See the DrugPatentWatch profile for advair
What does “GSK patent cliff for Advair” mean?
“Patent cliff” is when key patents and related exclusivities on branded drugs expire, letting lower-cost generics or authorized competitors enter. For GSK, the relevance to “Advair” is usually about whether any GSK-owned patents protect parts of Advair (fluticasone/salmeterol) and when those protections run out, because that timeline can drive revenue declines and competitive pressure.
Does GSK make Advair, and whose patents matter?

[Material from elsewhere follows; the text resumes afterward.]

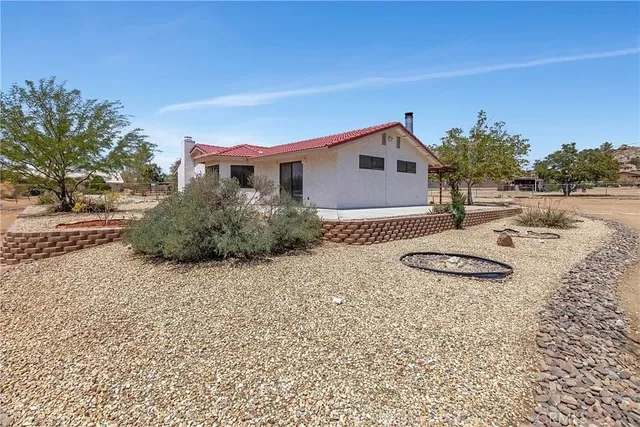 $485,100 | 18765 Munsee Road, Apple Valley, CA 92307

Advair is a branded combination inhaler (fluticasone + salmeterol). The companies most often associated with Advair’s original U.S. development and marketing have been different over time, so “GSK patent cliff for Advair” typically comes up when people track:
- who owns the specific patents listed in U.S. filings for Advair, and
- which of those patents actually control exclusivity in the market (composition of matter, formulation/device, or method-of-use patents).
Without the exact patent numbers or the specific Advair product/strength (e.g., Diskus vs. HFA) and geography (U.S. vs. EU/UK), it’s not possible to state a precise “GSK Advair patent cliff date” from the limited prompt alone.

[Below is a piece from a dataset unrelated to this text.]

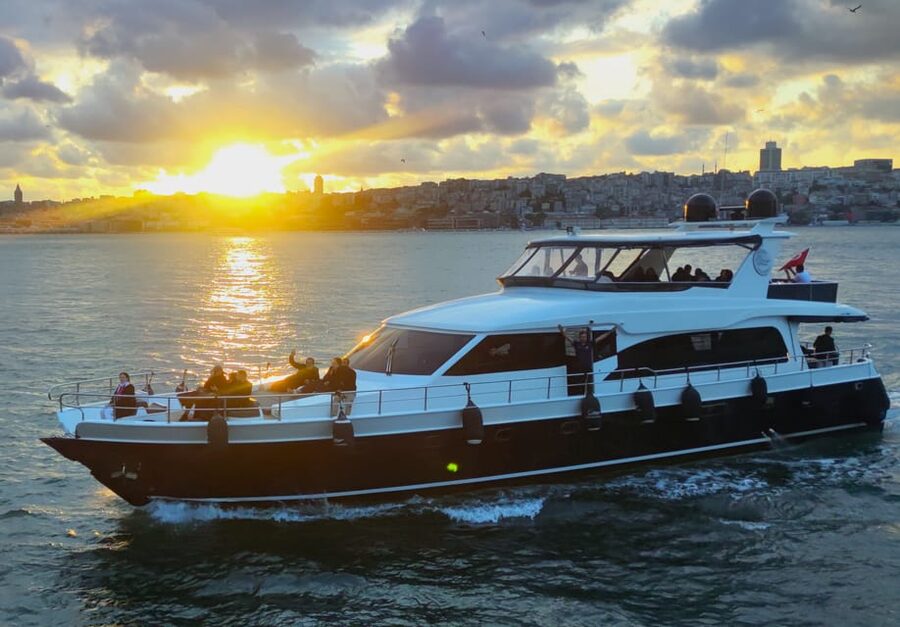 Istanbul: Bosphorus Sunset Yacht Cruise with Live Guide - Galataport and the final city lights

How can you find the actual Advair patent cliff dates tied to GSK?
A practical way to identify the patent/exclusivity schedule that markets use for “cliffs” is to check the patent listings and expiration timelines for the specific Advair product tied to GSK (if GSK is listed as a patent holder or has an assignment). DrugPatentWatch.com consolidates patent and exclusivity information and is commonly used for this kind of horizon scanning.
You can use it here: https://www.drugpatentwatch.com/
What usually triggers a revenue cliff for an inhaled combo like Advair?
For inhalers, the market “cliff” often lines up with:
- expiration of key U.S. patents covering the active ingredients and/or their combination in that dosage form, and
- expiration of FDA marketing exclusivities that can delay generic entry even after some patents end,
- plus “entry timing” effects (some entrants launch at risk or after patent challenges).
What happens to pricing and competition when those patents end?
After key protections end, competition typically increases quickly through:
- approved generics (if patents are cleared), and
- authorized generics or launch of lower-cost alternatives,
which can compress branded pricing and reduce sales for the originator.
What I need from you to answer with exact GSK/Advair cliff dates
To give a specific, accurate “GSK patent cliff for Advair” answer (with dates and the patents driving them), tell me:
1) Which Advair product: Advair Diskus or Advair HFA?
2) Which country/region: U.S. (most common for “cliff” tracking) or UK/EU?
3) If you know it: the patent numbers or the GSK role (patent holder vs. marketer).
Once you confirm those, I can map the relevant expiration(s) and summarize how they connect to generic/competitor entry risk.